WHAT IS BEING ASKED: Copy the lines below as they are; omit the images they contain.

DATA EXTRACT:
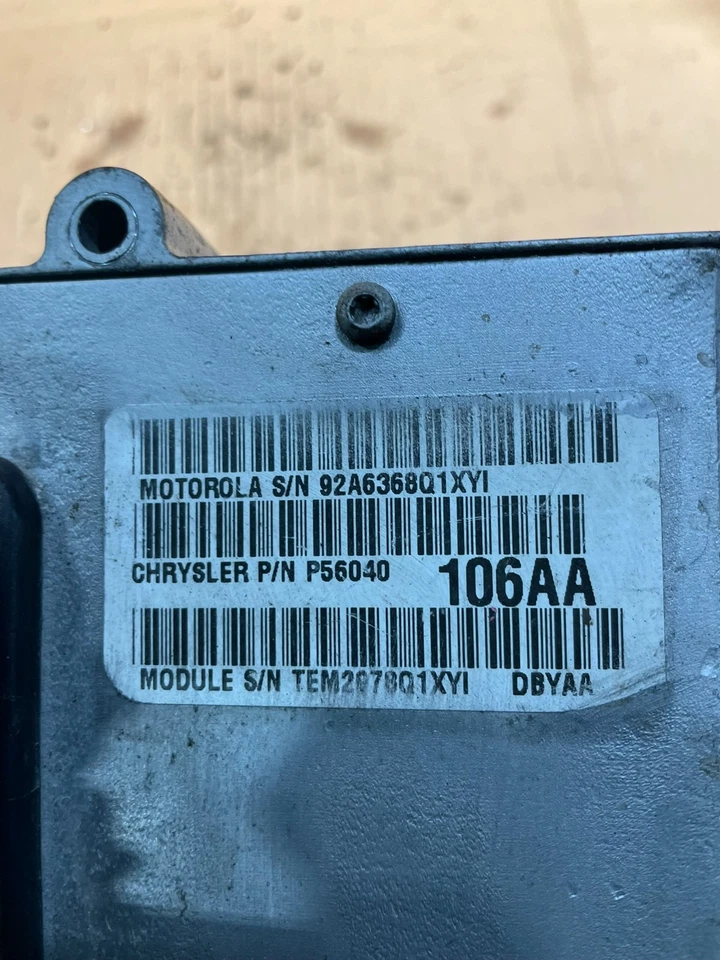 1999 Dodge Durango 5.2L módulo de computador motor ECU PCM ECM V2077 DG - Imagem 4 de 4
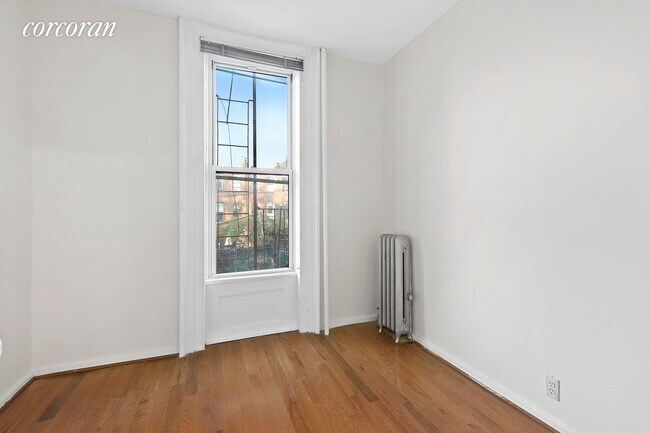 Foto del edificio - 643A Greene Ave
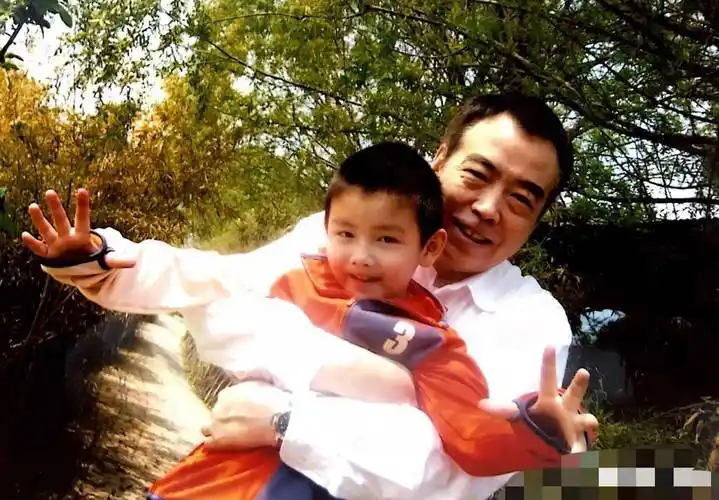 陈凯歌的儿子完美继承了陈红的颜值,原来短发陈红当年这么美_陈飞宇_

YOUR SOLUTION:
 1999 Dodge Durango 5.2L módulo de computador motor ECU PCM ECM V2077 DG - Imagem 4 de 4
 Foto del edificio - 643A Greene Ave
 陈凯歌的儿子完美继承了陈红的颜值,原来短发陈红当年这么美_陈飞宇_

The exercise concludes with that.